As organizações de verificação tendem a se concentrar no material mais viral ou de longo alcance, disse Lüdtke. As credenciais de conteúdo podem ajudar a impedir que imagens manipuladas alcancem tal viralidade e desinformem o público. A editora-chefe do Comprova disse esperar que as ferramentas de autenticidade e proveniência de conteúdo digital do CAI ajudem a preparar suas equipes para quando se confrontarem com a missão de verificar deepfakes.
Tanto Lüdtke quanto Saavedra concordam que essas ferramentas funcionarão de forma complementar às técnicas de verificação jornalística já utilizadas por checadores de fatos como pesquisa reversa e análise de detalhes.
“Temos um passo a passo para a verificação de deepfakes, imagens modificadas ou imagens feitas com inteligência artificial”, disse Saavedra. "Fazer verificação do contexto da foto, da veracidade daquela foto, de todos os elementos que é necessário examinar em uma checagem",
Para Adrián Pino, coordenador da organização argentina de fact-checking Proyecto Desconfío, que oferece treinamento em fact-checking para jornalistas da região, o CAI é uma oportunidade para explorar padrões que agilizam o processo de verificação de conteúdos suspeitos.

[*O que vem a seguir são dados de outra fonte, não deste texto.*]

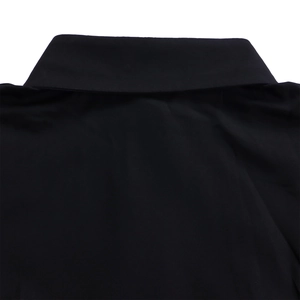 Detail of the classic pointed collar on a solid black long-sleeve elegant shirt dress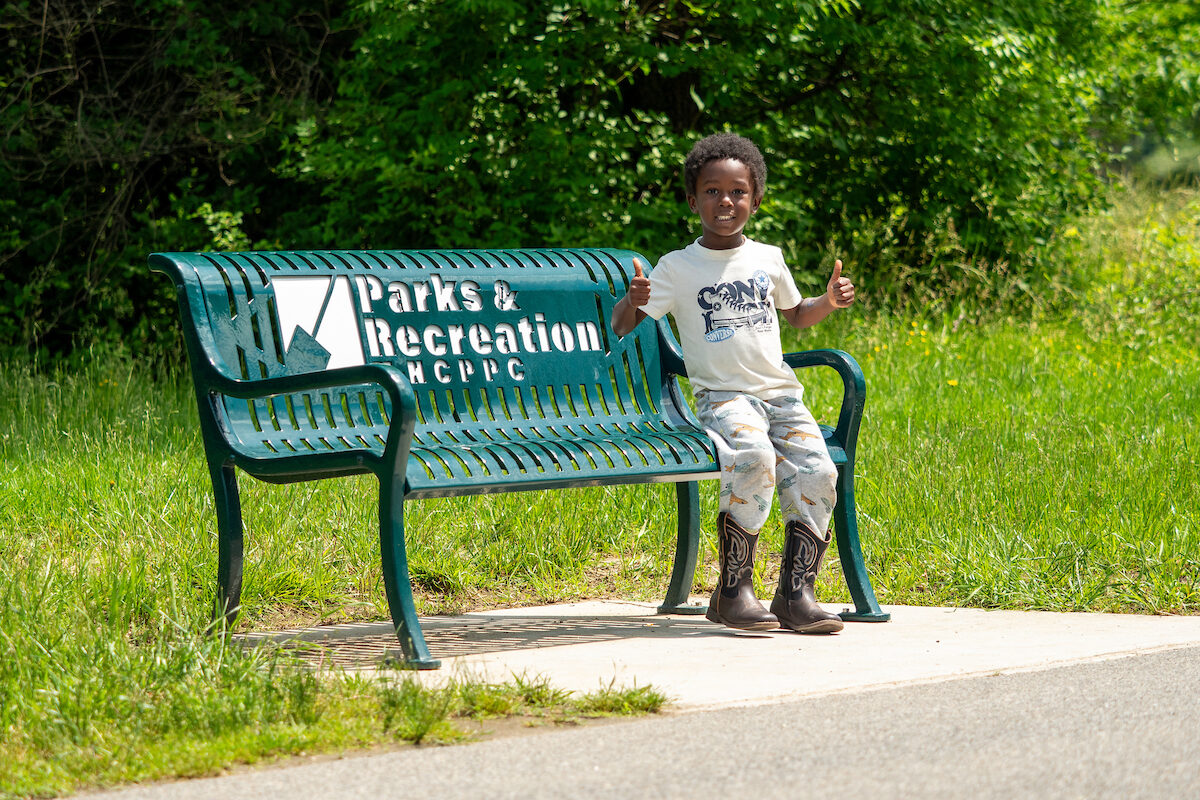 A small child sits on the far end of a green metal park bench with the words Parks & Recreation on it. The child is smiling and giving two thumbs up to the photographer. The bench sits on a concrete pad adjoining an asphalt walking path. Grass surrounds the concrete pad, with green brush and trees in the background.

“Quanto mais sinais pudermos gerar para distinguir o conteúdo autêntico do conteúdo falso, manipulado ou enganoso, mais oportunidades teremos de levar conteúdo confiável aos cidadãos”, disse Pino à LJR. "Quanto mais agências e mídia adotarem esse padrão, mais rápido será o trabalho de verificação".
Reichertz disse que o CAI não se apresenta como solução definitiva para a desinformação em conteúdos digitais, e concordou que o protocolo não substituirá o trabalho dos jornalistas.
“Existem poucas soluções concretas [para a desinformação], e apesar de [o CAI] ser concreto, não é completo. É uma ajuda adicional para combater a desinformação, mas não é a solução", afirmou. "Os verificadores de fatos sabem disso muito bem. Eles sabem muito bem os desafios que vão ter com a inteligência artificial, e sabem muito bem que não vão conseguir dar conta de alcançar tudo”.